-- WHAT TO PRODUCE --
Below are the records. Restate word for word every line from the one that contains "Wave Dancer Bed" through the final line, both included.

-- GIVEN DATA --
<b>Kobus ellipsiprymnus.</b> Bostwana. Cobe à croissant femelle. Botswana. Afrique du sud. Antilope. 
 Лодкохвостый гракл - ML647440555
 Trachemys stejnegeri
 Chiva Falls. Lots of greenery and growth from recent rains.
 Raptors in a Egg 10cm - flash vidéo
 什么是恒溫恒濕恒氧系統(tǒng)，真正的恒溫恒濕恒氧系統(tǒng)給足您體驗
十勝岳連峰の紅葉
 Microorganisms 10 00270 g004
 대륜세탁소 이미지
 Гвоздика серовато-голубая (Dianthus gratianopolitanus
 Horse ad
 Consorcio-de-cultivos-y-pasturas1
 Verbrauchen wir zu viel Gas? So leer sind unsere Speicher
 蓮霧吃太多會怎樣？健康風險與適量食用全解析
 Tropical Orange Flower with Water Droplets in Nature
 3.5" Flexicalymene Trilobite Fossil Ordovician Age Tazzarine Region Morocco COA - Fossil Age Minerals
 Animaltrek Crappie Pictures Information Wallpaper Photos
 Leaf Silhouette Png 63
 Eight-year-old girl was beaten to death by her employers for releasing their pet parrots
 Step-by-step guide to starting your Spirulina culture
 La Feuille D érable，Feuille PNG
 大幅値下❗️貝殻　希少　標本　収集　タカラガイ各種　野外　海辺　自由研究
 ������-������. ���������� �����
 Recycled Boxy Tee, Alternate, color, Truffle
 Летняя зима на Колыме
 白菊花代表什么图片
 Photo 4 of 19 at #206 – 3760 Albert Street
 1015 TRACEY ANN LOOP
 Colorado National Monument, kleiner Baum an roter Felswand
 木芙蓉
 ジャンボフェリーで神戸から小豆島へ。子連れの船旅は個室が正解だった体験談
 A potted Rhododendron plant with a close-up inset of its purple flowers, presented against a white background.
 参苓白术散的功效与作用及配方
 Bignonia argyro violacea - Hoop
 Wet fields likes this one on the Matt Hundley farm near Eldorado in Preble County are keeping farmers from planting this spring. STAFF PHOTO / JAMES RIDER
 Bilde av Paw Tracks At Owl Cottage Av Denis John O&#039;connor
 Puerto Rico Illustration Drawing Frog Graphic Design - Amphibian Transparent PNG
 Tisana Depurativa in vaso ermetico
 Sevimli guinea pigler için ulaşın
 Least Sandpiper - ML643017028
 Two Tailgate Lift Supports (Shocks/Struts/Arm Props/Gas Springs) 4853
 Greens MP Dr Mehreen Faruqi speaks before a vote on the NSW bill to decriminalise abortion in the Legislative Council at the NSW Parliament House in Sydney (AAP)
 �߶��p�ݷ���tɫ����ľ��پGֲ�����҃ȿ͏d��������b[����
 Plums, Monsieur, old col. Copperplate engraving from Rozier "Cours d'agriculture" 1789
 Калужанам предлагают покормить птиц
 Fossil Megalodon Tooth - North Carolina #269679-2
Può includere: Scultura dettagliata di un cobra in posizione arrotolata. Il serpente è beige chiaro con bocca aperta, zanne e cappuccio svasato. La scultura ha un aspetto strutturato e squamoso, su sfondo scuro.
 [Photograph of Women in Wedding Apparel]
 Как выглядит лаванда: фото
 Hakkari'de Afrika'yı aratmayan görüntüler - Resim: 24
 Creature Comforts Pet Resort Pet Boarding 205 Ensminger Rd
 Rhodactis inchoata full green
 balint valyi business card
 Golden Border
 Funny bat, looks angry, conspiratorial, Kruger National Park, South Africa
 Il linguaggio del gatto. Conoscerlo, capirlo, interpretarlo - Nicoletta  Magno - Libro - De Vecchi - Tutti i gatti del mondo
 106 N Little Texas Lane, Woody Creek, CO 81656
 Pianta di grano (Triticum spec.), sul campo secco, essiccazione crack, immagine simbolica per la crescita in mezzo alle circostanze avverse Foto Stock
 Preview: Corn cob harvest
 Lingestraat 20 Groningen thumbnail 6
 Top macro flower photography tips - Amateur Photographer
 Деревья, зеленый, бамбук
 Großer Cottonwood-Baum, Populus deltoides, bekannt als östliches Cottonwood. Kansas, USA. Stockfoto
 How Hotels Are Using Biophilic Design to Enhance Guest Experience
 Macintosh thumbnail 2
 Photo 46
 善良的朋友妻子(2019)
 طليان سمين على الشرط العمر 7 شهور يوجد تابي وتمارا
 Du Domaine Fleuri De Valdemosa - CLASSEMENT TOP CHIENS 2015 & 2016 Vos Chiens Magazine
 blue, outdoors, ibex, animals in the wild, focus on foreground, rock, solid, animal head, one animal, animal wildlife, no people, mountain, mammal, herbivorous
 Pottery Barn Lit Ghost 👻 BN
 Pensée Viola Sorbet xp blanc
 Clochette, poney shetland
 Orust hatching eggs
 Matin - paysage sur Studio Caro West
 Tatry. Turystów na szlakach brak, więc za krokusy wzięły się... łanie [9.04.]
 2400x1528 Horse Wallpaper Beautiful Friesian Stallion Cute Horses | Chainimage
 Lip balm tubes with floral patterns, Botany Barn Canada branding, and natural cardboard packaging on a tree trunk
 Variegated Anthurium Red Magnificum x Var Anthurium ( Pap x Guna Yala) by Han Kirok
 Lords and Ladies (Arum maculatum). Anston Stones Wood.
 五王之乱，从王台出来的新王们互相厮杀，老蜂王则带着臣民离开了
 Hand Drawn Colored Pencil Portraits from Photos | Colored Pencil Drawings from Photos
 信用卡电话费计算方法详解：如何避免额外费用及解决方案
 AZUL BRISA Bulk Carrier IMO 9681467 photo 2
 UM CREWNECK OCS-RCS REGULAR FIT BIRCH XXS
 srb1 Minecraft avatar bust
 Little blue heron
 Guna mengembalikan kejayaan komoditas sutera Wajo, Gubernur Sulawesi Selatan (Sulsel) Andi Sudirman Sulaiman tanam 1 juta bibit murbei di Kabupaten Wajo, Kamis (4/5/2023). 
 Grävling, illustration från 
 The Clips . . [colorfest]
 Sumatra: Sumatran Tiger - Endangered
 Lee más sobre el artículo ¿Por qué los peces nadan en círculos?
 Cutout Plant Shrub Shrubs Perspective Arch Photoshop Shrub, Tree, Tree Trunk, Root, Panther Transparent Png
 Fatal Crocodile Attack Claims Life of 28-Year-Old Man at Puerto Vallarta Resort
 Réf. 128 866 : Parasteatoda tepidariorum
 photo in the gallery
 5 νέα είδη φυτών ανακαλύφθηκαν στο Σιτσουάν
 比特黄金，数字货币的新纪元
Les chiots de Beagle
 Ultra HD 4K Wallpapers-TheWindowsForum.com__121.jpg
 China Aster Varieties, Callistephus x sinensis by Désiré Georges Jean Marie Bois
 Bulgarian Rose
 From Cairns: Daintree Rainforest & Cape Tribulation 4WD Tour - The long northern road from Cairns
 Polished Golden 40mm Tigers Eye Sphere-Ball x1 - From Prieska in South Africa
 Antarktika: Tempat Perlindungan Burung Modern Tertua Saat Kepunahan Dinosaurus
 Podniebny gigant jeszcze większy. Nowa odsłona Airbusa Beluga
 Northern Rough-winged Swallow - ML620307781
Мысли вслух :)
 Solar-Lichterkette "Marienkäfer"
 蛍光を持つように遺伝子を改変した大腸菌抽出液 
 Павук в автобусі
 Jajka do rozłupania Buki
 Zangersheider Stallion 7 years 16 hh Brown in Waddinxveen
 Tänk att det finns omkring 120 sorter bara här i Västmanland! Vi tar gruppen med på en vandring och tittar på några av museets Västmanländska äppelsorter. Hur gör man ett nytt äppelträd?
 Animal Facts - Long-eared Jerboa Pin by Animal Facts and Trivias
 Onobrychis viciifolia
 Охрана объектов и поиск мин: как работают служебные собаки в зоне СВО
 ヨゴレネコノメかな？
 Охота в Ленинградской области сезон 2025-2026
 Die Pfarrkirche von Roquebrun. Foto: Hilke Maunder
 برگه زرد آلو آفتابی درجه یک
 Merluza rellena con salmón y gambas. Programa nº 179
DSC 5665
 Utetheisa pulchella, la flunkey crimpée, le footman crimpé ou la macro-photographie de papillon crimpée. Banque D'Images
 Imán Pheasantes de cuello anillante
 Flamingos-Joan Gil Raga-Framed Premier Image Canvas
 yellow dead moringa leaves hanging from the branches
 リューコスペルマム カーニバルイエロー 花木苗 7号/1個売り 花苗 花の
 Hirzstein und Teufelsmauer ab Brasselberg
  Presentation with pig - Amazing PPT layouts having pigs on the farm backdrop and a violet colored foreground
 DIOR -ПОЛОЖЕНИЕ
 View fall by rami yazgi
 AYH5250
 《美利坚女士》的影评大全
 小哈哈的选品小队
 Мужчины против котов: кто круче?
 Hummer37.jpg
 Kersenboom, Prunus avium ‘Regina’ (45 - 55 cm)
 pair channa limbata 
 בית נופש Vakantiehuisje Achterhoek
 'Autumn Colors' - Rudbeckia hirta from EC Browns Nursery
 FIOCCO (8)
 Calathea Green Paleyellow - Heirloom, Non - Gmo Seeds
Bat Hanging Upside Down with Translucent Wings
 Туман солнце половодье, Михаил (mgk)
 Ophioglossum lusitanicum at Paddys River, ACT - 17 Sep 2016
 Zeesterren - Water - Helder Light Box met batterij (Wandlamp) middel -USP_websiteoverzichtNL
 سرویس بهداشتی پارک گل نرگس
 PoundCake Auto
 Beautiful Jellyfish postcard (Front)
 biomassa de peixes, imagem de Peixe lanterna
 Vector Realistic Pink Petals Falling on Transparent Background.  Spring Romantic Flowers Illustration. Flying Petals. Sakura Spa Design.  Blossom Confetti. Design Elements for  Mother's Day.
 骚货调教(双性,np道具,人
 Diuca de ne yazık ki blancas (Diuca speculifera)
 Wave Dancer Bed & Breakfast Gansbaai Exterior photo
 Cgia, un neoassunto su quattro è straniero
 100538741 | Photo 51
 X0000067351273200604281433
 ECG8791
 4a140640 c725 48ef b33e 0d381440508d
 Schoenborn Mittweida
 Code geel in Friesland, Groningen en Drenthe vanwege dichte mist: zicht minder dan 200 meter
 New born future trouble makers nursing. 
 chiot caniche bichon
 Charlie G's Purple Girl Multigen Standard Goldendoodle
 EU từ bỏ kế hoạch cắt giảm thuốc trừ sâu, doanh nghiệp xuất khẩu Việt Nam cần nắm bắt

-- RESPONSE AREA --
 Wave Dancer Bed & Breakfast Gansbaai Exterior photo
 Cgia, un neoassunto su quattro è straniero
 100538741 | Photo 51
 X0000067351273200604281433
 ECG8791
 4a140640 c725 48ef b33e 0d381440508d
 Schoenborn Mittweida
 Code geel in Friesland, Groningen en Drenthe vanwege dichte mist: zicht minder dan 200 meter
 New born future trouble makers nursing. 
 chiot caniche bichon
 Charlie G's Purple Girl Multigen Standard Goldendoodle
 EU từ bỏ kế hoạch cắt giảm thuốc trừ sâu, doanh nghiệp xuất khẩu Việt Nam cần nắm bắt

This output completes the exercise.